OASIS Mailing List ArchivesView the OASIS mailing list archive below
or browse/search using MarkMail.

 


Help: OASIS Mailing Lists Help | MarkMail Help

virtio-comment message

[Date Prev] | [Thread Prev] | [Thread Next] | [Date Next] -- [Date Index] | [Thread Index] | [List Home]


Subject: Re: [PATCH v1 7/8] admin: Add write recording commands


On Sun, Oct 08, 2023 at 02:25:54PM +0300, Parav Pandit wrote:
> When migrating a virtual machine with passthrough
> virtio devices, the virtio device may write into the guest
> memory. Some systems may not be able to keep track of these
> pages efficiently.
> 
> To facilitate such a system, a device provides the record
> of pages which are written by the device. In one use case, this
> commands connect to the vfio framework at [1].
> 
> The owner driver configures the member device for list of address
> ranges for which it expects write recording and reporting by the device.
> 
> The owner driver periodically queries the written pages address record
> which gets cleared from the device upon reading it.
> 
> When the write records reduces over the time, at one point write recording
> is stopped after the device mode is set to FREEZE.
> 
> [1] https://elixir.bootlin.com/linux/v6.4-rc1/source/include/uapi/linux/vfio.h#L1207
> 
> Fixes: https://github.com/oasis-tcs/virtio-spec/issues/176
> Signed-off-by: Parav Pandit <parav@nvidia.com>
> Signed-off-by: Satananda Burla <sburla@marvell.com>
> ---
>  admin-cmds-device-migration.tex | 146 ++++++++++++++++++++++++++++++--
>  admin.tex                       |  10 ++-
>  2 files changed, 146 insertions(+), 10 deletions(-)
> 
> diff --git a/admin-cmds-device-migration.tex b/admin-cmds-device-migration.tex
> index e98d552..49835eb 100644
> --- a/admin-cmds-device-migration.tex
> +++ b/admin-cmds-device-migration.tex
> @@ -97,15 +97,16 @@ \subsubsection{Device Migration}\label{sec:Basic Facilities of a Virtio Device /
>  During the device migration flow, a passthrough device may write data to the
>  guest virtual machine memory, a source hypervisor needs to keep track of these
>  written memory to migrate such memory to destination hypervisor.
> -Some systems may not be able to keep track of such memory write addresses at
> -hypervisor level. In such a scenario, a device records and reports these
> -written memory addresses to the owner device. Such an address is named as
> -IO virtual address (IOVA). The owner driver enables write recording for one or
> -more IOVA ranges per device during device migration flow. The owner driver
> -periodically queries these written IOVA records from the device. As the driver
> -reads the written IOVA records, the device clears those records from the device.
> -Once the device reports zero or small number of written IOVA records, the device
> -mode is set to \field{Stop} or \field{Freeze}. Once the device is set to \field{Stop}
> +Some systems may not be able to keep track of such
> +memory writes at addresses at hypervisor level. In such a scenario, a device
> +records and reports these written memory addresses to the owner device.

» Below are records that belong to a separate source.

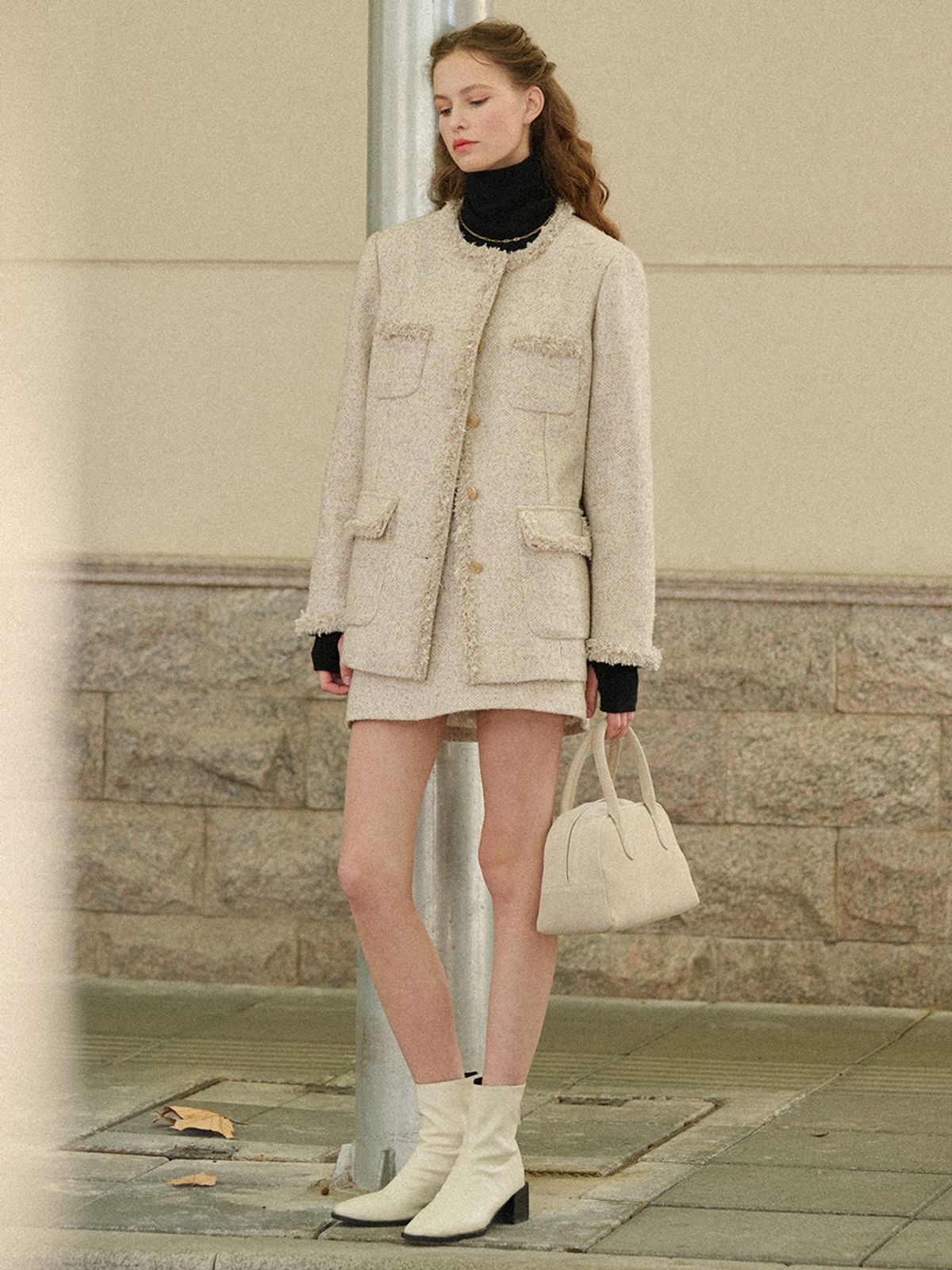 르니나(LENINA) TERESA woolen tweed quilting skirt_OATMEAL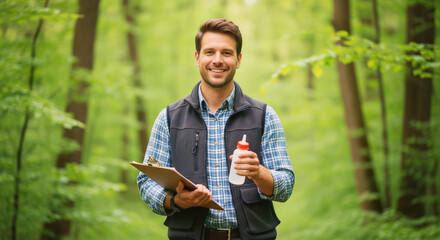 Fototapeta premium smiling male environmental scientist or forester holding a clipboard and sample bottle while standing in a lush green forest workshop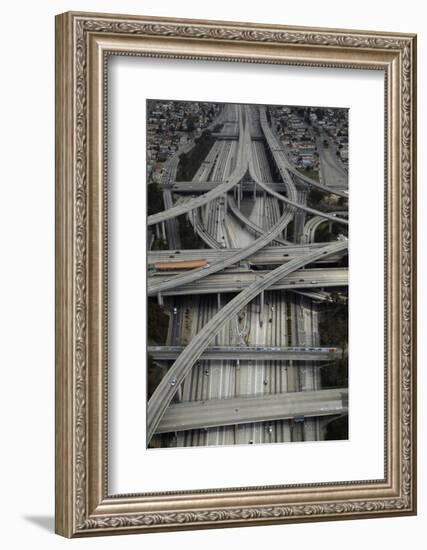 Los Angeles, Aerial of Judge Harry Pregerson Interchange and Highway-David Wall-Framed Photographic Print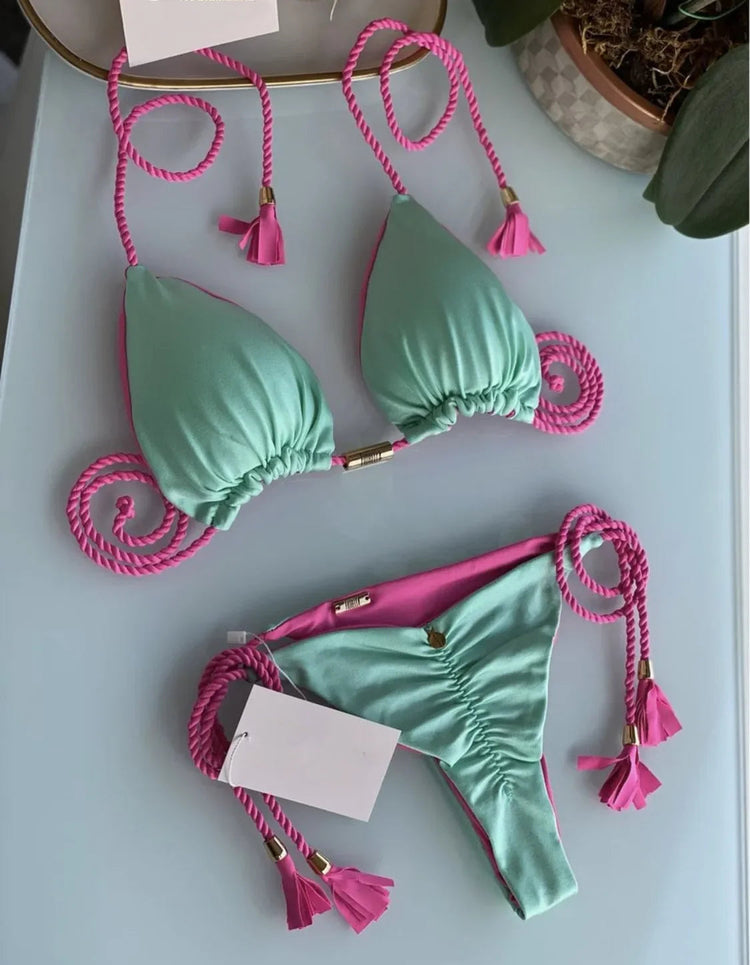 Nuovo Bikini da Donna Multicolore con Triangolo e Laccetti sulla Schiena platinumshop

what does it mean to record them?

> Such an
> +address is named as IO virtual address (IOVA).

I don't know what does this have to do with IOVA. For that matter
everything would have to be "IOVA". Spec calls these physical
address and let's stick to that.


> The owner driver enables write
> +recording for one or more IOVA ranges per device during device migration
> +flow. The owner driver periodically queries these written IOVA records from
> +the device.

periodical reads without any indication are the only option then?

> As the driver reads the written IOVA records,
> +the device clears those records from the device. Once the device reports
> +zero or small number of written IOVA records, the device is set to
> +\field{Stop} or \field{Freeze} mode. Once the device is set to \field{Stop}
>  or \field{Freeze} mode, and once all the IOVA records are read, the driver stops
>  the write recording in the device.


it is not great that you are rewriting text you just wrote in patch 1
here. pls find a way not to make reviewers read everything twice.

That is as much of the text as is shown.